Problem description —
Nothing but a verbatim copy of the data, minus the images, should be returned.

Data extract —

· · · · · · ·

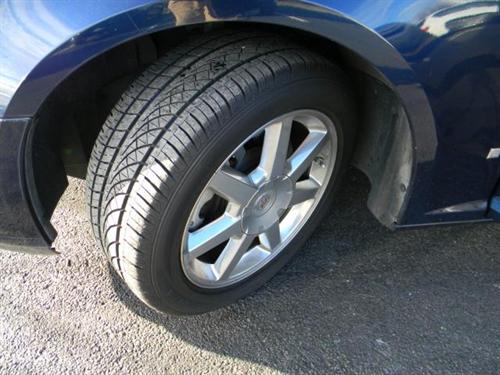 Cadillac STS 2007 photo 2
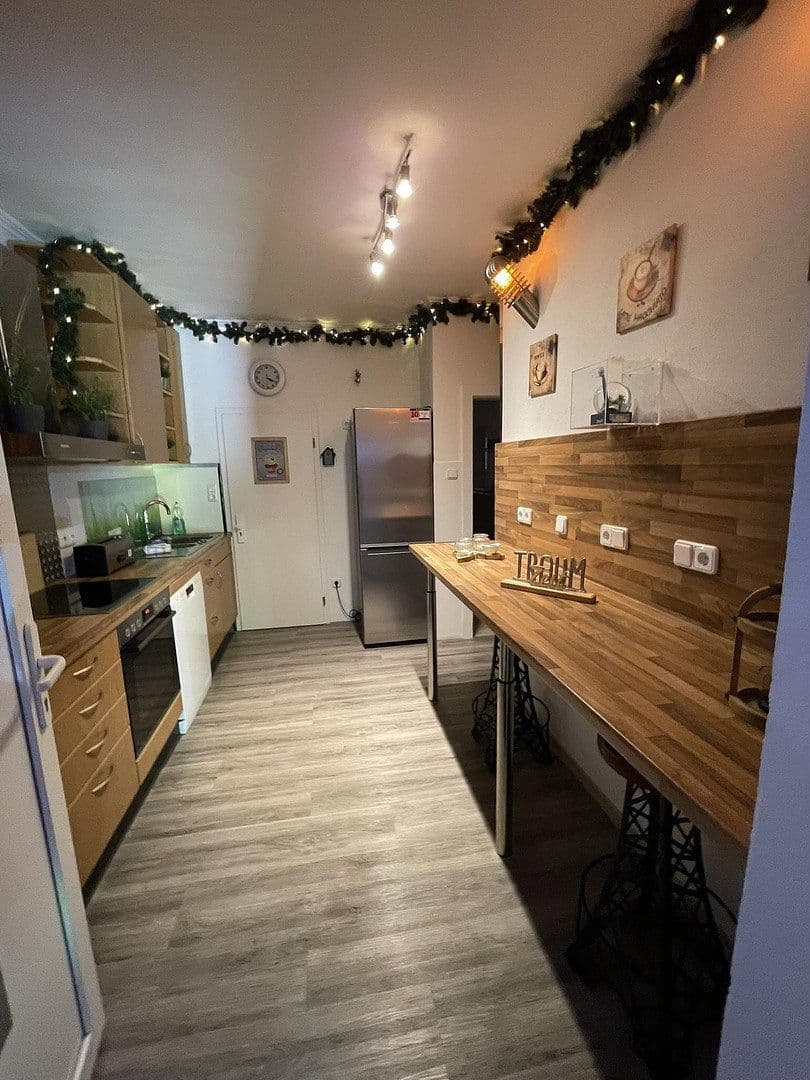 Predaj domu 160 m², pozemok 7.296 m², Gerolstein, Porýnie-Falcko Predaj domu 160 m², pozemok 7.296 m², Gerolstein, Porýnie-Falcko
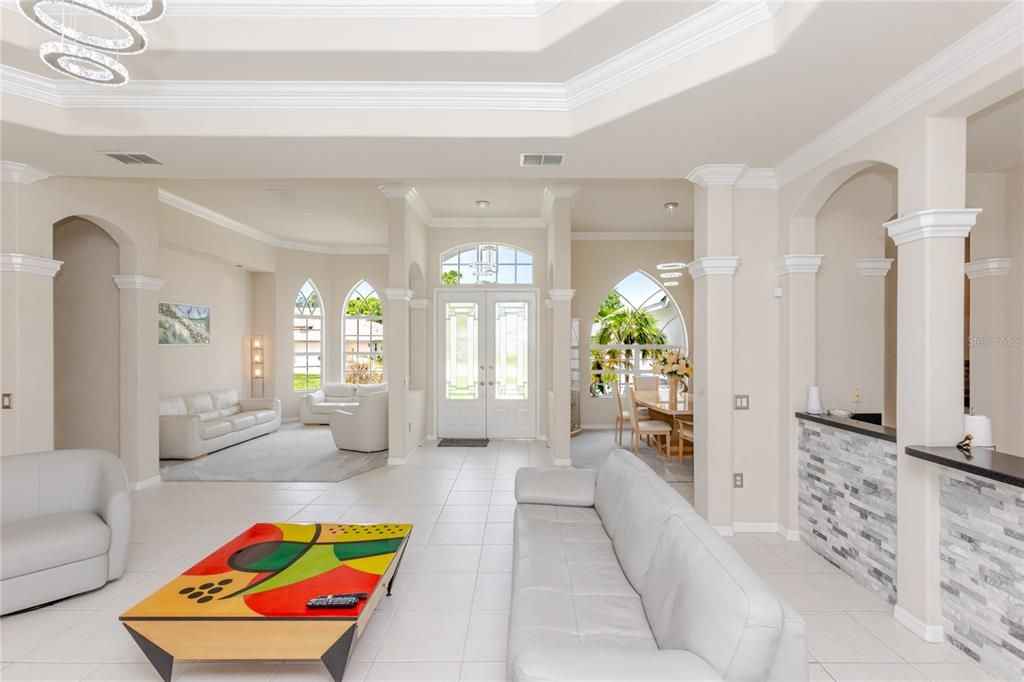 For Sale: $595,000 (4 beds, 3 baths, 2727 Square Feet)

· · · · · · ·

Exercise response —
 Cadillac STS 2007 photo 2
 Predaj domu 160 m², pozemok 7.296 m², Gerolstein, Porýnie-Falcko Predaj domu 160 m², pozemok 7.296 m², Gerolstein, Porýnie-Falcko
 For Sale: $595,000 (4 beds, 3 baths, 2727 Square Feet)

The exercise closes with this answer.